I’m using Auth0 for application authentication and I’m using API Permissions for more fine-grained authz. Most of it is working, but I’m at a loss on how to get the API Permissions into the User.Claims.
I’m able to get the right permissions from the access token using HttpContext.GetTokenAsync(“access_token”)
But, I was expecting the API permissions to be included in User.Claims
Should the API permissions be there by default or do I have to do something special?
I have flipped the bit in settings for RBAC and include in Access Token, and they are there.
But they just don’t show up in User.Claims.
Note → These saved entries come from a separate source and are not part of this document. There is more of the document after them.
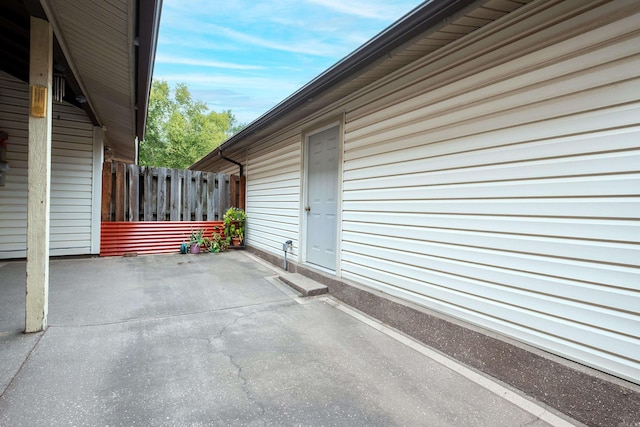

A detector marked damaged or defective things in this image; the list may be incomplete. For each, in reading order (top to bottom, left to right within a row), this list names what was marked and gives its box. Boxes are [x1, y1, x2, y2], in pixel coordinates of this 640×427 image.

cracked concrete slab [0, 252, 568, 426]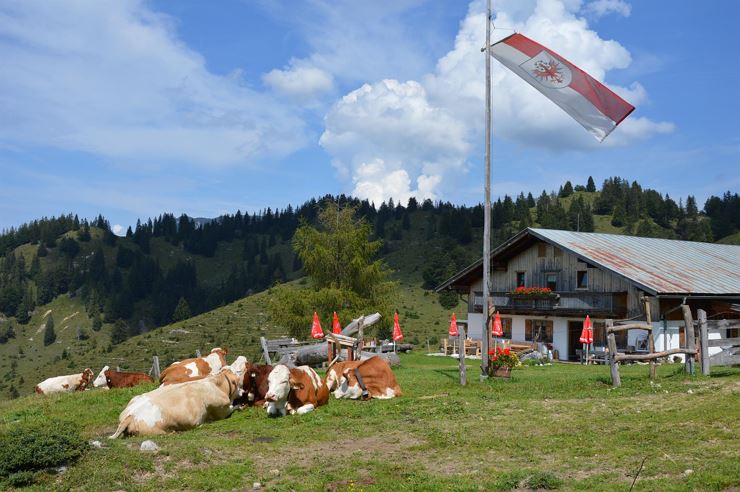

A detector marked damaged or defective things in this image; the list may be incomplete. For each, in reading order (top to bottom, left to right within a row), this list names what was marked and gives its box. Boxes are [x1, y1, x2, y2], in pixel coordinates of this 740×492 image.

rusty roof panel [528, 229, 740, 294]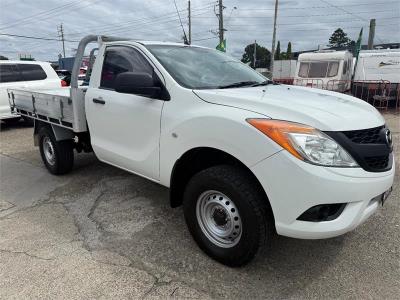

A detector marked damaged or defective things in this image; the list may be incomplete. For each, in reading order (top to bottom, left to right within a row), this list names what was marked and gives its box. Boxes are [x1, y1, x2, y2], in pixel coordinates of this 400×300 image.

cracked pavement [0, 111, 400, 298]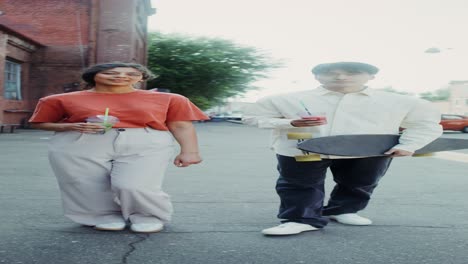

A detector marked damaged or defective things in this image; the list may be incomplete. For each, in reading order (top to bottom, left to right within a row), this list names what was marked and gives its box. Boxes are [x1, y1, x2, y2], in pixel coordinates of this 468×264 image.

cracked pavement [0, 124, 468, 264]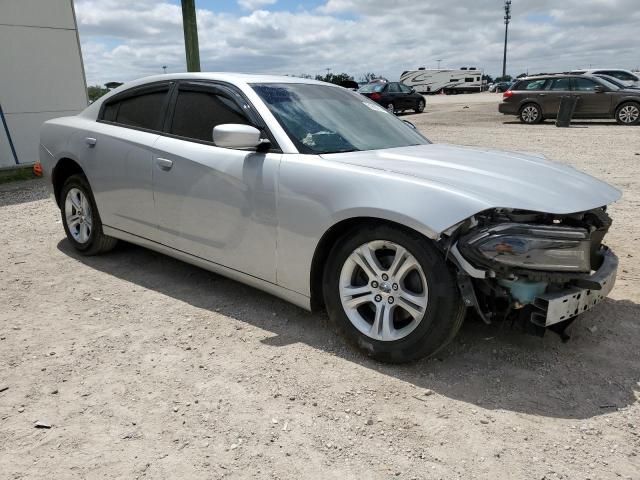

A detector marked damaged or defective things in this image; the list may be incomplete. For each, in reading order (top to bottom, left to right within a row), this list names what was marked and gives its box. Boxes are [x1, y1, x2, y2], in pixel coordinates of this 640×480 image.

damaged headlight [460, 223, 592, 272]
front-end collision damage [442, 208, 616, 340]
I could look at creating a customerAuthenticationStateProvider, but I think I’m missing something simple.
After additional investigation I can tell that the role-based API permissions are intended to be present in the Access Token and with the Actions Script it’s possible to only enrich the ID token with Roles cliam.
One way that comes to my mind, if you need this data within the ID token, is to update the user’s app_metadata or user_metadata object with the API permissions and add a custom claim to the ID token containing this metadata (in a similar way you added the Roles claim).
This Management API endpoint lists user’s permissions (both assigned directly and ones that come from Role assignment) - Auth0 Management API v2
They are listed per the resource_server_identifier (your API identifier).
In the Actions script you can also refer to the event.resource_server object and try to use this identifier to extract only the relevant for the login context API permissions.